Return to the September issue here.

Caltrans’ Low Carbon Transit Operations grants go to three North Coast jurisdictions

By Nazy Javid, KRCR News, July 29, 2020

“Caltrans recently announced it has approved $146 million in Low Carbon Transit Operations Program funding for 166 local public transportation projects across California. According to Caltrans District 1, the projects will improve the sustainability of transportation systems and help to reduce greenhouse gas emissions. Approximately $140 million for 158 projects will benefit disadvantaged communities most affected by climate change, Caltrans said.

“ ‘This investment will help reduce our impact on the environment and improve transit service, particularly for those facing economic barriers to mobility,’ Caltrans Director Toks Omishakin said.

“On the North Coast, the city of Arcata, Humboldt Transit Authority, and Lake Transit Authority saw $339,997 approved for three projects offering free fares to populations that include low-income residents, youth and college students.

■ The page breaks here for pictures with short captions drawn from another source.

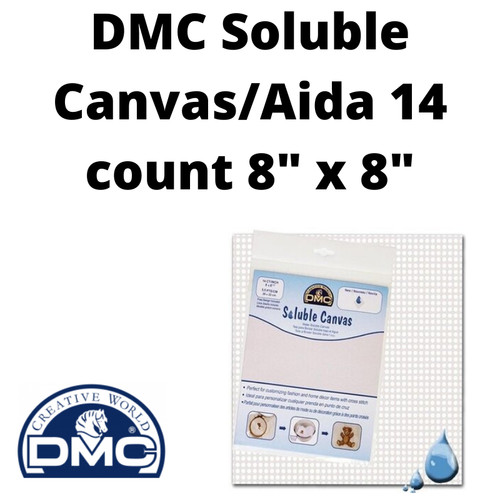Dmc soluble canvas aida - dmc,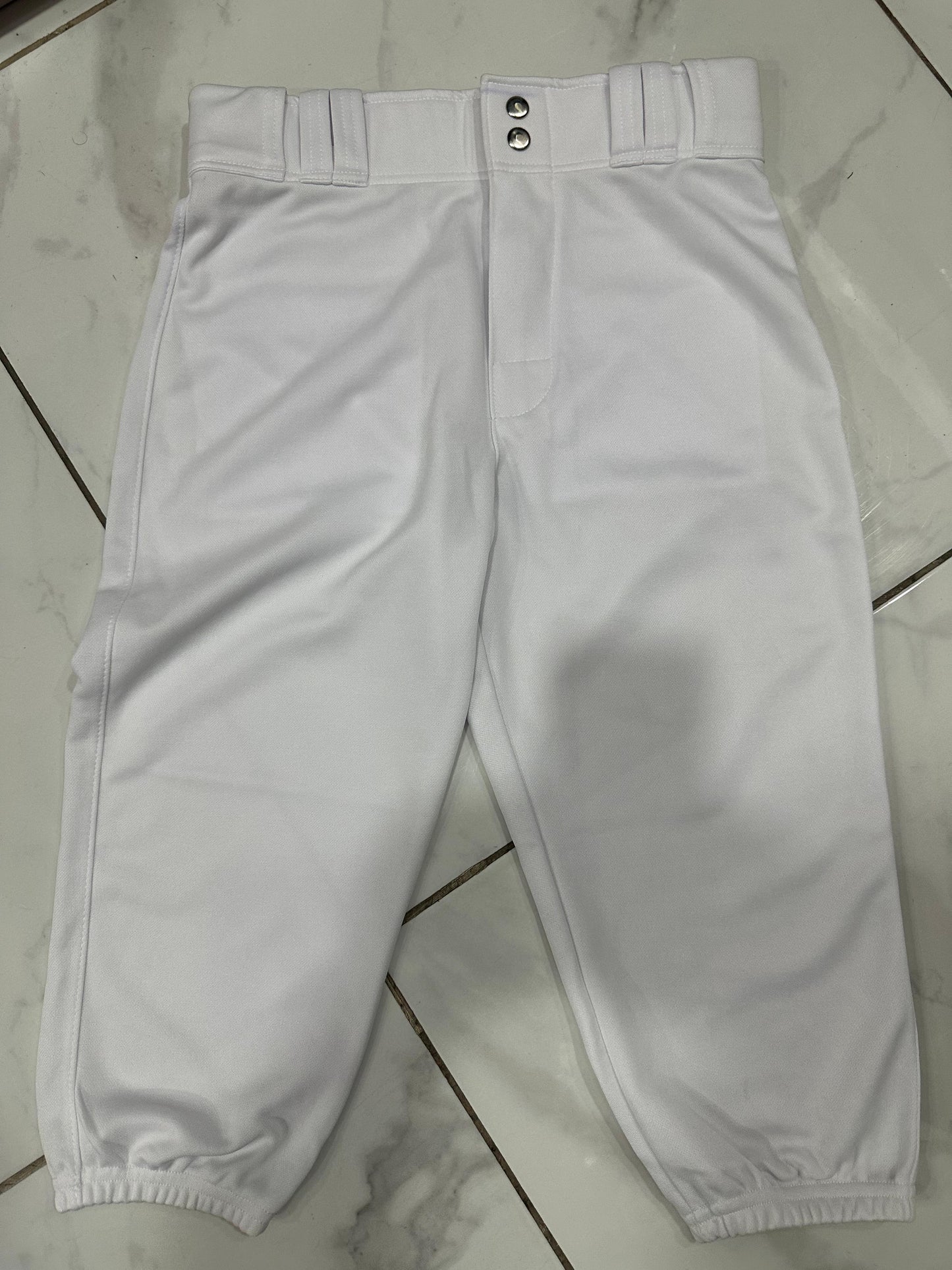 Pantalon Corto Sports Blanco Beisbol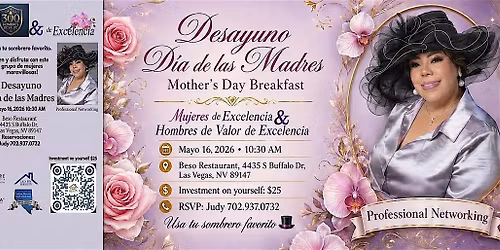 Desayuno de Mujeres de Excelencia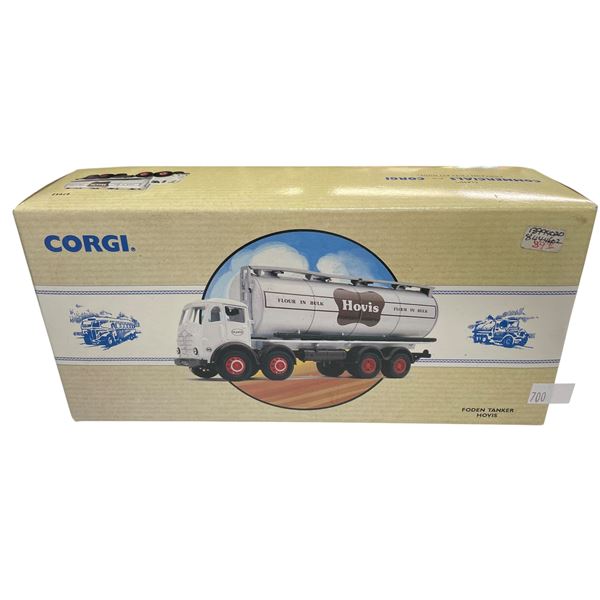 1993 Corgi Foden Tanker Hovis Truck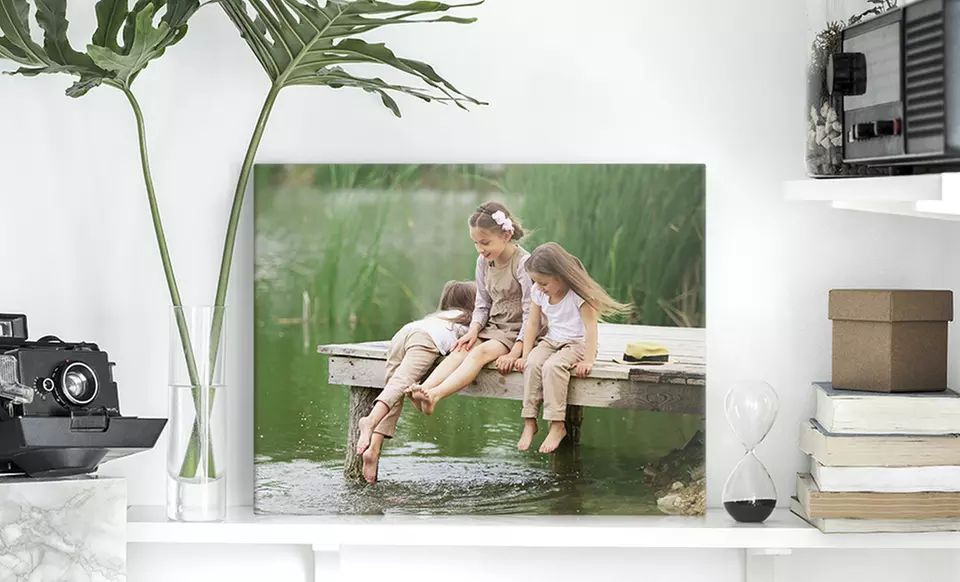 12"x8" Custom Canvases from CanvasOnSale (Up to 86% Off). 12 Options Available. - Primary Image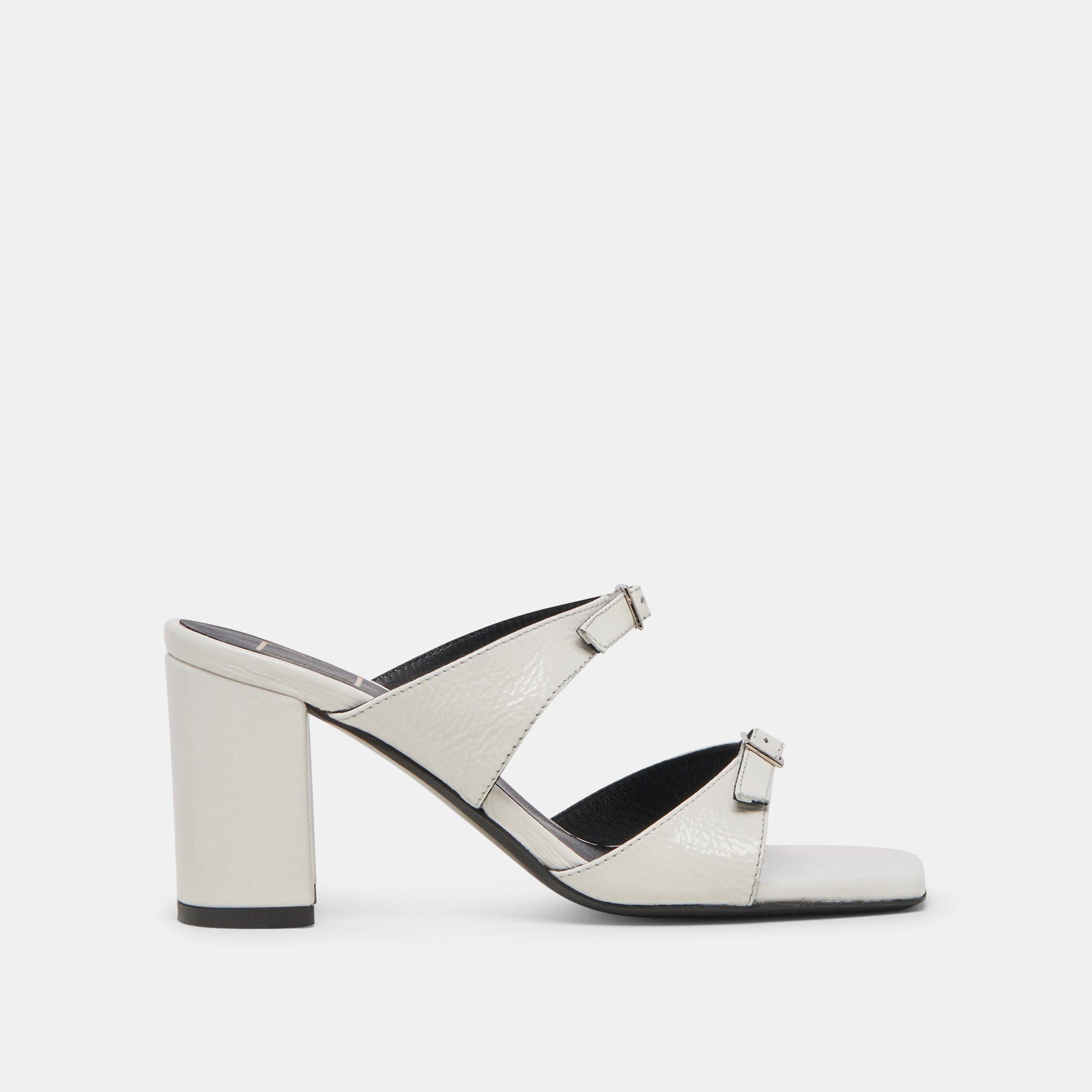 SHANE HEELS OFF WHITE CRINKLE PATENT
 – Dolce Vita Dolce Vita Online
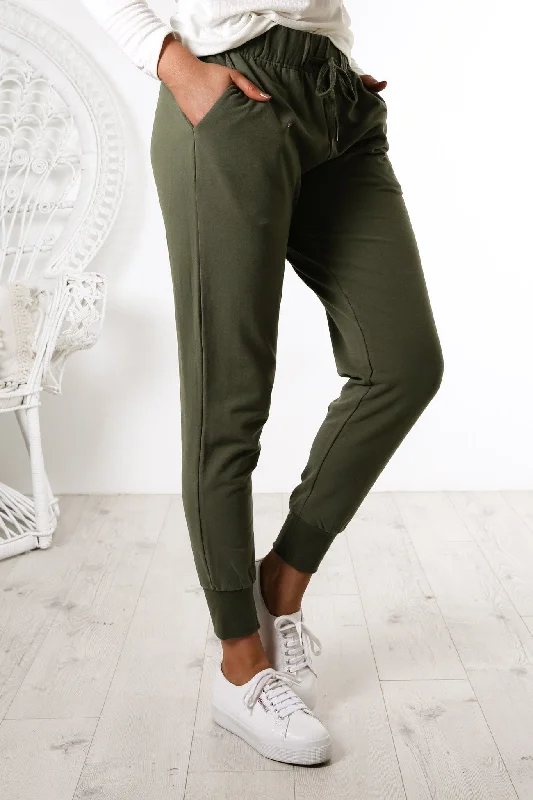 Lazy Days Pant Khaki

“ ‘The Low Carbon Transit Operations Program is one of many Caltrans grant programs that support public transportation and the continuing efforts to reduce greenhouse gas emissions and provide transportation options to Californians,’ Caltrans District 1 Director Matt Brady said. ‘I congratulate the transit providers in Humboldt, Lake, and Mendocino Counties for their success in getting this much-needed support.’ ”

Read Caltrans’s press release about the statewide grant recipients and their projects here.

Republished from KRCR News, Redding.

Return to the September issue here.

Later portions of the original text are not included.